ASSIGNMENT :: Begin at the line containing "Bezente 36-inch metallic" in the data below and go on through the line containing "NatureTats- Storm Cloud Temporary Tattoo", repeating each line exactly; include both ends and no other line.

Dataset excerpts:
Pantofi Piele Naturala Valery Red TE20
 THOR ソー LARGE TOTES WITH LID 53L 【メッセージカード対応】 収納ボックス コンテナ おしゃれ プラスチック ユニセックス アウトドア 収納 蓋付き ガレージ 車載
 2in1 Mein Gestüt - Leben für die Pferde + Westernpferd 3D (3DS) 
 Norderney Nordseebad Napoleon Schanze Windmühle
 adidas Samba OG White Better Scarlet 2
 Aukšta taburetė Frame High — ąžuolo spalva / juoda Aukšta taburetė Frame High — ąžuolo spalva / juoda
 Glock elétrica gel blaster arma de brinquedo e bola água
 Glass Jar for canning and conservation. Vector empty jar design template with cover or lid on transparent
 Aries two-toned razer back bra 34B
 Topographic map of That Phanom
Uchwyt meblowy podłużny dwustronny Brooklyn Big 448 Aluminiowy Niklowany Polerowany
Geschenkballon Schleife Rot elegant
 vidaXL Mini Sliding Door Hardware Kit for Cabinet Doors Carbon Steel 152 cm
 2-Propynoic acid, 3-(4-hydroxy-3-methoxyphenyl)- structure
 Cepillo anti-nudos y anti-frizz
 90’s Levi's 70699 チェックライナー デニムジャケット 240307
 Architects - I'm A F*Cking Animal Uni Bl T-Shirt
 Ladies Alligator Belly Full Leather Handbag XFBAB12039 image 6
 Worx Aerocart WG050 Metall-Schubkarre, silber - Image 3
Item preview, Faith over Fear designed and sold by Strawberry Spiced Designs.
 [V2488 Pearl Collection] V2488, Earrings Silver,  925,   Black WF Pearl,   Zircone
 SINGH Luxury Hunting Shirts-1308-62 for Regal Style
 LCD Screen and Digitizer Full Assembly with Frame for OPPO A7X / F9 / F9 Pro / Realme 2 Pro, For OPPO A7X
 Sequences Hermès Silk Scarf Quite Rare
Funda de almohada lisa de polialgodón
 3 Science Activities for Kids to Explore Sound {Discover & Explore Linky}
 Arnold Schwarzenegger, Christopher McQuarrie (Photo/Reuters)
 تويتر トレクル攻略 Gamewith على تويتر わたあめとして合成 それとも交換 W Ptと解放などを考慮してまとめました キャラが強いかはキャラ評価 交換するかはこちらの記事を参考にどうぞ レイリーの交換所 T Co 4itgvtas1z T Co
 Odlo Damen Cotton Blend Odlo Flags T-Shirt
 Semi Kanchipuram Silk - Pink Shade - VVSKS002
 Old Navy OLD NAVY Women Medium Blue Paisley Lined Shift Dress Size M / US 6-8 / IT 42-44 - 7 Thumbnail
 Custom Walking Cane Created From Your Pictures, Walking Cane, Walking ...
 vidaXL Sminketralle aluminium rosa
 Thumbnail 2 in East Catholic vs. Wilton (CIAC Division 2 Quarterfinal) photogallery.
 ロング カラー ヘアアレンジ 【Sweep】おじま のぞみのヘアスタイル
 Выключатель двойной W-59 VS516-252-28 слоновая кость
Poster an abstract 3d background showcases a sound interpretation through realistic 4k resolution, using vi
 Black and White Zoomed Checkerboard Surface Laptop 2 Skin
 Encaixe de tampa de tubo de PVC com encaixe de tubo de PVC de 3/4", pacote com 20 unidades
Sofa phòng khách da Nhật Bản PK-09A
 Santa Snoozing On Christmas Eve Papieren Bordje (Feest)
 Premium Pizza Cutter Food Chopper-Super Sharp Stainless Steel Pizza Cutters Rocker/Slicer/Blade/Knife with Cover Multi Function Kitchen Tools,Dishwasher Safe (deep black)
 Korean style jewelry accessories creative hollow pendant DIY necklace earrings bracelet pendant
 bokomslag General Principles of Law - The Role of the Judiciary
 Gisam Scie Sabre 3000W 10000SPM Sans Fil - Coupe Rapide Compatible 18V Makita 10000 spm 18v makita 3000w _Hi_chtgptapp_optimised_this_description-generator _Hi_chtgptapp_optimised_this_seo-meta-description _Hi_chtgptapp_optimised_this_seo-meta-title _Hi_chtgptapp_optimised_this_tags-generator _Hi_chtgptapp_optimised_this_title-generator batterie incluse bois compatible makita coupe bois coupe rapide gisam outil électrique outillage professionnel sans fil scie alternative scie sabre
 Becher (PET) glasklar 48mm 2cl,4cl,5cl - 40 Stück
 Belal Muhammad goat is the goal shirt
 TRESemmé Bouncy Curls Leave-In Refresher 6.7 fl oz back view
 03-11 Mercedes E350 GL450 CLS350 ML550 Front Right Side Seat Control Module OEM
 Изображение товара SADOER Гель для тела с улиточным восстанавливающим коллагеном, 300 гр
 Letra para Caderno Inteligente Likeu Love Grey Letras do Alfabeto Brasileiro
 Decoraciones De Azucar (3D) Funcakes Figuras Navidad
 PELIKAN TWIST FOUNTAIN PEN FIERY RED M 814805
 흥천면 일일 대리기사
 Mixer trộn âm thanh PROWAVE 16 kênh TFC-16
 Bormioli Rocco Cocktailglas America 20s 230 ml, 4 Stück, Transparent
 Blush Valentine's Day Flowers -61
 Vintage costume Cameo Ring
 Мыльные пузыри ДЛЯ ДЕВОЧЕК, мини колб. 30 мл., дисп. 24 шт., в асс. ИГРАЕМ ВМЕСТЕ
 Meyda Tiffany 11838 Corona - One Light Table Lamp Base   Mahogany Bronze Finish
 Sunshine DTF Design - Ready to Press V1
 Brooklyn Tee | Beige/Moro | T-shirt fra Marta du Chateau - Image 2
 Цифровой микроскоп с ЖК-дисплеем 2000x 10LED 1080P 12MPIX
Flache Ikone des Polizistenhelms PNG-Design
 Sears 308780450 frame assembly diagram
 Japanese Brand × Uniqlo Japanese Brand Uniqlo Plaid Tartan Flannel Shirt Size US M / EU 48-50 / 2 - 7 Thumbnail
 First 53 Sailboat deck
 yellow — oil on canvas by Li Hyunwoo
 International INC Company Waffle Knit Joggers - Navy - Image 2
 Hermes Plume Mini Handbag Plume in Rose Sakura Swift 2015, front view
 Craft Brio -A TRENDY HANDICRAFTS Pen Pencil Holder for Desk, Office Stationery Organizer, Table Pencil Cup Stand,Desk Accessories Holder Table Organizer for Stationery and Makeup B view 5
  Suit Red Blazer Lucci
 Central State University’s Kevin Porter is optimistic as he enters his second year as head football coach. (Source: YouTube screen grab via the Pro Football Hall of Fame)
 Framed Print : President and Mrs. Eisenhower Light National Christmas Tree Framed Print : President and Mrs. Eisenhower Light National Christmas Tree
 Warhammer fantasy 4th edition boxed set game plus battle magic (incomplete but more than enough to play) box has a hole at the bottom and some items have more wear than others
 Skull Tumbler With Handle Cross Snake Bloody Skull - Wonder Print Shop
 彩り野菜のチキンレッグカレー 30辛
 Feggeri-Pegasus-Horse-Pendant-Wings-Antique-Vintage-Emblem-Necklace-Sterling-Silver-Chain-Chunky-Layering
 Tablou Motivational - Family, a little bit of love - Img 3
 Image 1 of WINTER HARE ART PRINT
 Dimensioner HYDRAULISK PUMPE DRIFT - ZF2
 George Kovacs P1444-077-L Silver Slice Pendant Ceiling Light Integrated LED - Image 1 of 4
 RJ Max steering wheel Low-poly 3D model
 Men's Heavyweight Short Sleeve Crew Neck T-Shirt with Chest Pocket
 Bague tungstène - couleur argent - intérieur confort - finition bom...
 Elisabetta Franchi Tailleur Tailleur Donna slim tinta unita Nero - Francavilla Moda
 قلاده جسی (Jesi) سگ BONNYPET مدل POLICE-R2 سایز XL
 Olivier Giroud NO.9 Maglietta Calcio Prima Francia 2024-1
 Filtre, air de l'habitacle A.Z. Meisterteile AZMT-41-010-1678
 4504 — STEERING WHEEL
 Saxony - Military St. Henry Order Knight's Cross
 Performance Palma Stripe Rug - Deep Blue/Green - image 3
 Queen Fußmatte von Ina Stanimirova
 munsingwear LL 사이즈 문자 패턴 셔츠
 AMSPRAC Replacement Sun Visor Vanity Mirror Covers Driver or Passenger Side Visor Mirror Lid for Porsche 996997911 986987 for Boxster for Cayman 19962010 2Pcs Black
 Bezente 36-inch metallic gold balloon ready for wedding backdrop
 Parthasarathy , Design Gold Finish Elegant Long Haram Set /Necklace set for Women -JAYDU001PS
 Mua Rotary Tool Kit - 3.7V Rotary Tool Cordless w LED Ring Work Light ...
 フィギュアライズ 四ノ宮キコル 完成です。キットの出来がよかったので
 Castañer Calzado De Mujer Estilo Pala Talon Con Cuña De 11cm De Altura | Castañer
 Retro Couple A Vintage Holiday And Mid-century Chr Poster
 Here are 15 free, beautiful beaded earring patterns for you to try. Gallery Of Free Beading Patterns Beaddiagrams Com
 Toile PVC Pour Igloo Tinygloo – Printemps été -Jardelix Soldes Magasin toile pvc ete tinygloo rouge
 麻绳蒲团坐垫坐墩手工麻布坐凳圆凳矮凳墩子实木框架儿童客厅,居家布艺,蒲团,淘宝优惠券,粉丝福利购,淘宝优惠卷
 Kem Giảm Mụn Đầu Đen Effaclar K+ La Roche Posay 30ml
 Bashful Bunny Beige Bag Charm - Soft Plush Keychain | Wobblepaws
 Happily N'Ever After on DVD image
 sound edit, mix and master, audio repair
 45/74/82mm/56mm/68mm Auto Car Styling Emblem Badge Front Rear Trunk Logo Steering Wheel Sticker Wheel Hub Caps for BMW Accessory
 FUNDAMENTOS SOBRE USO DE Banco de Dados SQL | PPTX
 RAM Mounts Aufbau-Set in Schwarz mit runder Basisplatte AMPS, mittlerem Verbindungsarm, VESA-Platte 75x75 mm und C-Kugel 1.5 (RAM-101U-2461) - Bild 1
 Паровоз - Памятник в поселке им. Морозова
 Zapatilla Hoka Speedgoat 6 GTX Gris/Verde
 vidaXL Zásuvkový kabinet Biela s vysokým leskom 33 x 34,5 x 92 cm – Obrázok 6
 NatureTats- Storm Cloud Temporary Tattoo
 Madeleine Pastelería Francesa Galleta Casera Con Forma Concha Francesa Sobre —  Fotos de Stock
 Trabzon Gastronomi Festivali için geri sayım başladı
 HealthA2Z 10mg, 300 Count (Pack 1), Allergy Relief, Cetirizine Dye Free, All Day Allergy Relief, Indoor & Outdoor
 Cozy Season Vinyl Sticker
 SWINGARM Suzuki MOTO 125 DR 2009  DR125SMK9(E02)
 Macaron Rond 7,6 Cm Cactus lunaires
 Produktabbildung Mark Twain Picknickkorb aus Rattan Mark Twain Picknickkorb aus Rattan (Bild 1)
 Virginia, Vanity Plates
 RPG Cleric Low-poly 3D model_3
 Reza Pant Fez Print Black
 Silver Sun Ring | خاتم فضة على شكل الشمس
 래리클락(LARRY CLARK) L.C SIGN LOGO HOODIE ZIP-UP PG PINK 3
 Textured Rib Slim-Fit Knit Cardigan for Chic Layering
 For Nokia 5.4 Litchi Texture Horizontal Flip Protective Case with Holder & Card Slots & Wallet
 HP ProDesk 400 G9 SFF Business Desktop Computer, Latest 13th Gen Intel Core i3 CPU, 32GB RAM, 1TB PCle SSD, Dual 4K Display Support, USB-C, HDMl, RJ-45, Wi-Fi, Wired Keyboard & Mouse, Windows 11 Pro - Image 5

EXERCISE RESPONSE ::
 Bezente 36-inch metallic gold balloon ready for wedding backdrop
 Parthasarathy , Design Gold Finish Elegant Long Haram Set /Necklace set for Women -JAYDU001PS
 Mua Rotary Tool Kit - 3.7V Rotary Tool Cordless w LED Ring Work Light ...
 フィギュアライズ 四ノ宮キコル 完成です。キットの出来がよかったので
 Castañer Calzado De Mujer Estilo Pala Talon Con Cuña De 11cm De Altura | Castañer
 Retro Couple A Vintage Holiday And Mid-century Chr Poster
 Here are 15 free, beautiful beaded earring patterns for you to try. Gallery Of Free Beading Patterns Beaddiagrams Com
 Toile PVC Pour Igloo Tinygloo – Printemps été -Jardelix Soldes Magasin toile pvc ete tinygloo rouge
 麻绳蒲团坐垫坐墩手工麻布坐凳圆凳矮凳墩子实木框架儿童客厅,居家布艺,蒲团,淘宝优惠券,粉丝福利购,淘宝优惠卷
 Kem Giảm Mụn Đầu Đen Effaclar K+ La Roche Posay 30ml
 Bashful Bunny Beige Bag Charm - Soft Plush Keychain | Wobblepaws
 Happily N'Ever After on DVD image
 sound edit, mix and master, audio repair
 45/74/82mm/56mm/68mm Auto Car Styling Emblem Badge Front Rear Trunk Logo Steering Wheel Sticker Wheel Hub Caps for BMW Accessory
 FUNDAMENTOS SOBRE USO DE Banco de Dados SQL | PPTX
 RAM Mounts Aufbau-Set in Schwarz mit runder Basisplatte AMPS, mittlerem Verbindungsarm, VESA-Platte 75x75 mm und C-Kugel 1.5 (RAM-101U-2461) - Bild 1
 Паровоз - Памятник в поселке им. Морозова
 Zapatilla Hoka Speedgoat 6 GTX Gris/Verde
 vidaXL Zásuvkový kabinet Biela s vysokým leskom 33 x 34,5 x 92 cm – Obrázok 6
 NatureTats- Storm Cloud Temporary Tattoo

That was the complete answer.